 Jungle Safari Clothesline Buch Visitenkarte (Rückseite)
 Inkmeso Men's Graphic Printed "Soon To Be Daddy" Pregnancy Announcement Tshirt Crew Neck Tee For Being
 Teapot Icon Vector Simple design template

○ ○ ○ ○ ○ ○ ○

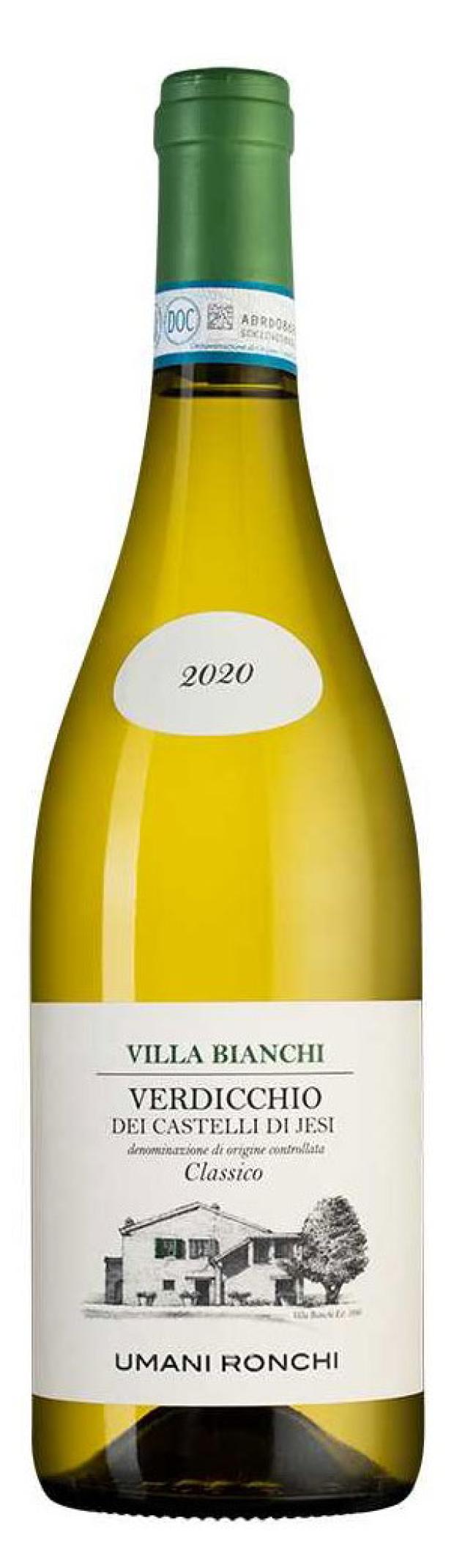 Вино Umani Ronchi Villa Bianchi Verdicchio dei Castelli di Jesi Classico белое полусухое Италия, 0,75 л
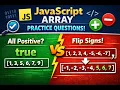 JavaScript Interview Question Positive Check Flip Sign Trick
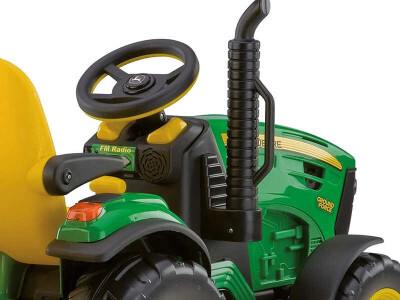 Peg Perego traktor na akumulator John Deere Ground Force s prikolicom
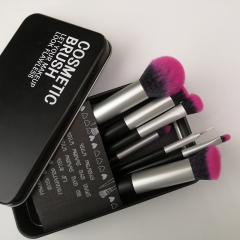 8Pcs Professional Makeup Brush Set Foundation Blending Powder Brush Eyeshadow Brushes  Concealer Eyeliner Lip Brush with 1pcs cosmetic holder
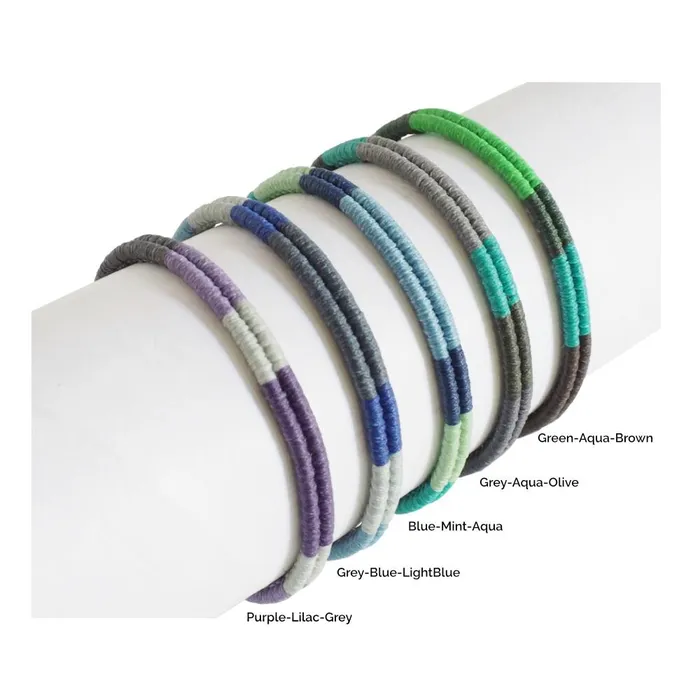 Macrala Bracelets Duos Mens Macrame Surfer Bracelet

○ ○ ○ ○ ○ ○ ○

### Problem details
Using the data above, reproduce exactly the lines between those holding "Jungle Safari Clothesline" and "Teapot Icon Vector Simple design template", inclusive, and no others.

### Solution for this task
 Jungle Safari Clothesline Buch Visitenkarte (Rückseite)
 Inkmeso Men's Graphic Printed "Soon To Be Daddy" Pregnancy Announcement Tshirt Crew Neck Tee For Being
 Teapot Icon Vector Simple design template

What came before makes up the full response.